Understood Betsy, Dorothy Canfield Fisher

After I read Dorothy Canfield Fisher's The Home-Maker, I knew that I would be reading more of her work.  I just had no idea where to start.  Then, a few weeks ago, Jenny of Shelf Love wrote a lovely post about "children’s books that are about ordinary lives: no magic, no amulets, no spells, just children going about their everyday business."  And that reminded me of Understood Betsy.  I can remember as a child seeing this many times in the children's section of the library, but I don't think I ever even took it off the shelf.  As wonderful as it was to wander around the library making my own discoveries and choices, I do wish someone had pointed me toward this book years ago.
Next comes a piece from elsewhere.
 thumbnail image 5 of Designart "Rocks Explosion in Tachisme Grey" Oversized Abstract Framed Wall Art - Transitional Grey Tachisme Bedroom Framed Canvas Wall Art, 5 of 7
The Betsy of the title is introduced to us as Elizabeth Ann, nine years old and an orphan.  She lives with her Great-Aunt Harriet and Harriet's daughter, whom Elizabeth Ann calls Aunt Frances, somewhere in a city in middle America.  The aunts, who took her in as a baby, have devoted their lives to her, particularly the unmarried Aunt Frances.  She is determined to understand Elizabeth Ann by spending every minute with her and sharing every experience.  The aunts wrap her up in a loving, smothering cocoon that has left her a spindly pale peaked little girl, full of fears and anxieties, with no friends her own age (rather like Rose Campbell before Uncle Alec arrives).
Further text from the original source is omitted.